Smoke curled in the air, thick and acrid. Sirens wailed in the distance. The pavement was torn and scorched, the aftermath of chaos carved deep into the street like a scar.

Akira coughed as he sat hunched on a curb, his hoodie torn at the sleeve. His hands trembled—part from exhaustion, part from the sheer adrenaline of survival. Yuna sat beside him, her small frame wrapped in a medic's emergency blanket. Rei stood just behind them, keeping watch, her eyes scanning the still-flickering gate ruins as if expecting something else to crawl out.

The gate had breached without warning.

Monsters roared—charging.His blade unsheathed with a low hum, almost disappointed by the wait.

He moved like a ghost.The sword in his hand pulsed with condensed Zeir — so dense it shimmered gold, lighting the alleyway in brief, haunting brilliance.

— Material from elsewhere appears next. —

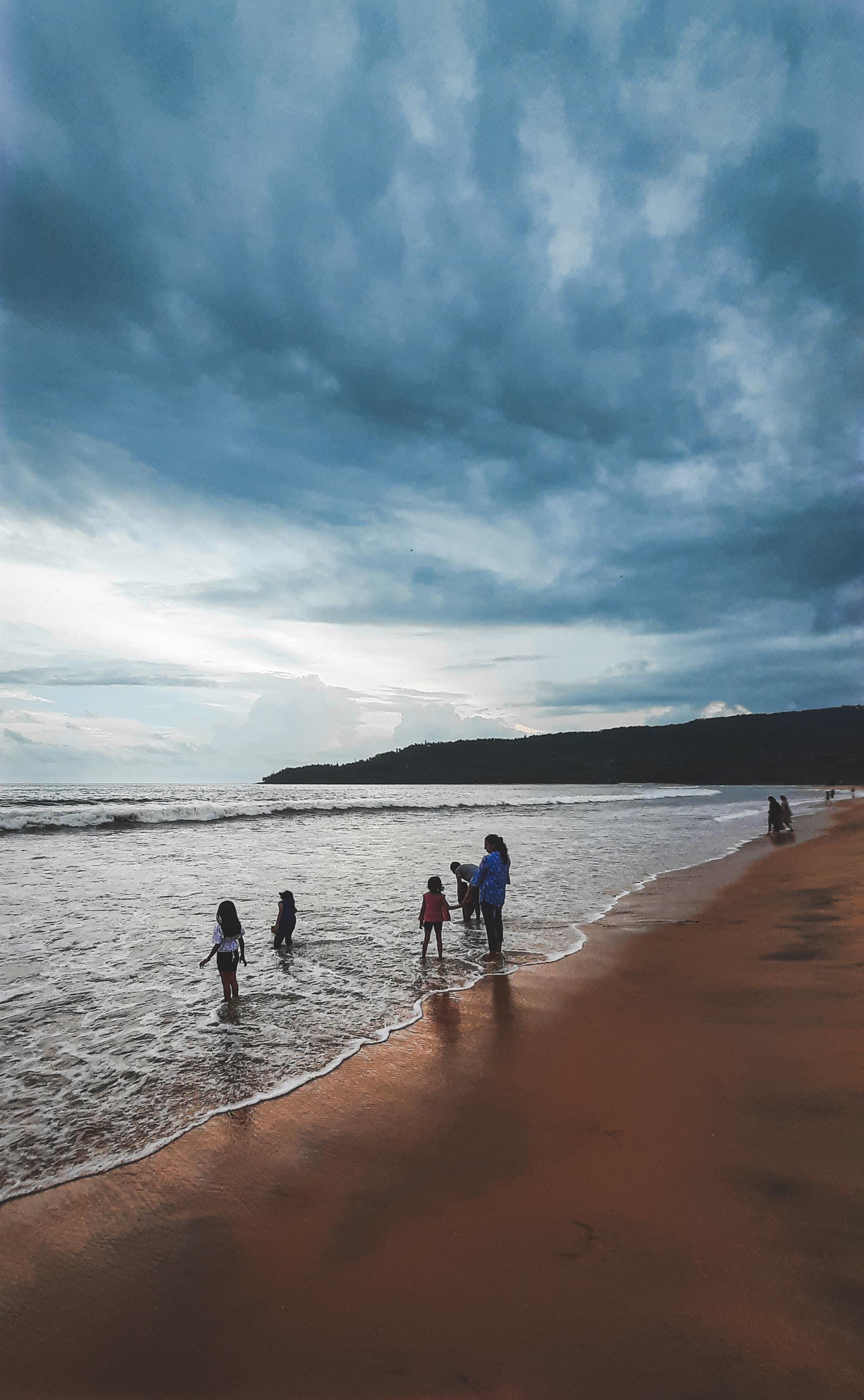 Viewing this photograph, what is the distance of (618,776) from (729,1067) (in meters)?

With a single slash, he cut through the largest of them — a towering ogre-like beast that had nearly crushed Akira minutes earlier.

It didn't even have time to scream.Its body collapsed in two perfect halves.

The air crackled with what remained of the beast's corrupted Zeir, which hissed before evaporating.

Akira didn't blink. Couldn't.

Not out of fear.

But awe.

He had trained. Fought. Bled.But the difference in power was absurd.

That man wasn't just stronger—he was unreachable.

In three minutes, the breach was controlled.Monsters either fled or were reduced to ash.

The gate shimmered, then closed—sealed by a portable core module.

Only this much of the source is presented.